The agency, known as ECHA, could not identify a safe level of exposure to butylparaben. Once chemicals are classified as substances of very high concern, they are placed on the so-called Candidate List, and ECHA says “our aim is to gradually phase them out.”
For years, EWG has called for the removal from cosmetics of long-chain parabens, including butylparaben. Under mounting public pressure, led in part by EWG, many cosmetic manufacturers have taken steps to remove the concerning parabens from their products.
But pleas to the federal Food and Drug Administration have fallen on deaf ears, and butylparaben is still found in products on store shelves. There are 174 products that contain butylparaben in EWG’s Skin Deep® cosmetics database, a free resource that scores personal care product safety based on the hazards associated with their ingredients. It is continually updated with new products and ingredients.
ECHA’s move to classify butylparaben as a substance of very high concern is a step toward protecting European consumers. But it does not go far enough and does not affect products sold in the U.S.
Classification as a substance of very high concern does not mean a substance is immediately banned. Rather, it requires chemical manufacturers in the European Union to provide information about safe use until ECHA reviews the chemical further, particularly if the substance exceeds 0.1 percent in a product. But this does not solve the problem of parabens, because they are used in personal care products at concentrations of less than 0.1 percent.
Animal studies have found that butylparaben harms male fertility, even at the lowest exposure levels tested. EWG recommends the U.S. and EU take decisive action to safeguard public health by banning long-chain parabens in personal care products and other consumer goods.

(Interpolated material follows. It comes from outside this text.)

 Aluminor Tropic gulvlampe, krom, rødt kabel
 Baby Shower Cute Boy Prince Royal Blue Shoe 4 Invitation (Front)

In the meantime, consumers should use Skin Deep or EWG’s Healthy Living app to choose products free from long-chain parabens – butyl-, propyl-, isobutyl- and isopropylparaben – to protect themselves and the environment. Products that bear EWG’s VERIFIED™ mark are also an excellent choice: They meet EWG’s strictest standards for health and transparency, so they are free from hundreds of hazardous ingredients, including long-chain parabens.
Three other chemicals were included in the recent update to the Candidate List: 1-vinylimidazole, 2-methylimidazole and dibutylbis(pentane-2,4-dionato-O,O')tin, used in the production of polymers, coating products and plastics.